1. Field of the Invention
The present invention relates generally to electrophotographic devices and electrophotographic printing methods, and more particularly, to a method and system for correcting a linearity error in the electrophotographic devices.
2. Description of the Related Art
An electrophotographic device produces an image or a copy of a document containing text, graphics, or a combination thereof. Examples of the electrophotographic devices include, but are not limited to, laser printers and laser copiers. The electrophotographic device produces the image by causing light to affect an electrostatic charge distribution on a photoconductive surface.
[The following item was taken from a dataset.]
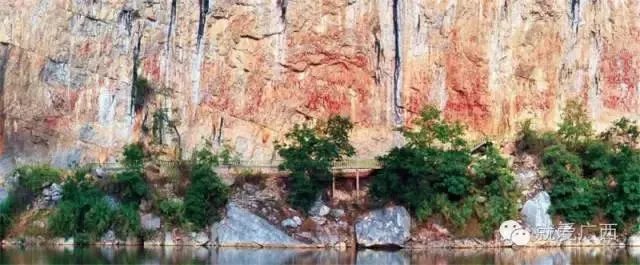 广西花山岩画满足哪些申遗标准？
The device includes a Photo Conducting (PC) drum (also referred to as photoconductor drum) which acts as an image-carrier and is coated with a photoconductive material. The device also includes a light source such as a laser beam or an array of Light Emitting Diodes (LED). The surface of the PC drum is exposed to the light from the light source to neutralize the electrostatic charge on the non-image parts of the PC drum. The density of the electrostatic charge on the surface of the PC drum is altered in the areas exposed to the laser beam relative to the areas unexposed to the laser beam. This process leaves a static electric-charged image on the surface of the PC drum to lift the toner particles. The toner particles are then transferred to different print media by electrostatic attraction.
The laser beam is directed towards the PC drum by passing the laser beam through a series of lenses and mirrors. The laser beam is first directed towards a rotating polygon mirror, which further directs the beam towards a series of lenses and mirrors. The laser beam, the rotating polygon mirror, and the series of lenses and mirrors are collectively known as a Laser Scanning Unit (LSU). The polygon mirror rotates with the help of a motor known as polygon mirror motor.
The laser beam moves across the surface of the PC drum in a uniform manner. For every small increment in the motion of the polygon mirror, the laser beam moves the same distance on the PC drum. The PC drum keeps rotating and the laser beam sweeps across the PC drum at an angle, to compensate for the motion of the drum, and makes a sweep straight across the page. A stream of rasterized data, including a series of 0's and 1's, is used to turn the laser on and off across the PC drum.
The laser beam that has a linear scan motion scans or sweeps the surface on a row-by-row basis. It moves linearly across the page and is turned on or off depending on the data bits (either one or zero). The laser beam takes more time to copy the image to the edges of the document, as compared to its center. Due to the difference in the speed of the laser beam (or beam velocity), a linearity error is generated. Further, manufacturing tolerances and imperfections of optical devices used by the LSU also generate the linearity error. The linearity or beam location or scan-location-error of the LSU describes the manner in which the laser beam moves across the PC drum when the rotating mirror spins at a fixed angular speed.
In a typical LSU, the rate at which the laser beam moves across the PC drum is relatively constant, since the polygon mirror rotates at a constant velocity. In such a system, when the laser is activated with a fixed time between activation periods, i.e., the time of turning the laser ‘on’ is fixed, the image containing equally spaced marks is printed correctly. This system is characterized by very low (<1 percent) linearity error. However, electrophotographic scanners and copiers with linearity error less than one are costly. Therefore, it is desirable to reduce the cost of such systems and also make sure that the linearity error is minimized.
To reduce the cost of the electrophotographic device, a set of lenses used to guide light beams on the PC drum can be removed from the electrophotographic device. However, for such low-cost electrophotographic devices, the linearity error increases to 15 percent or more. As a result of high linearity error in such systems, the placement of evenly spaced marks on the page is not accomplished by firing the laser at fixed time intervals. Various techniques are employed to ensure that the images are printed without any defects. Typical techniques used to correct the low linearity error include the use of a non-constant pel clock or a constant pel clock with ‘off’ slice insertion. The use of such techniques to correct the increased linearity error results in producing print artifacts in the form of narrow streaks in the print output obtained from the electrophotographic device.
In light of the facts given above, there is a need for a system and a method to correct the linearity error of the electrophotographic devices with a reduced number of lenses. Further, such a method and system should remove the print artifacts and also prove to be cost effective.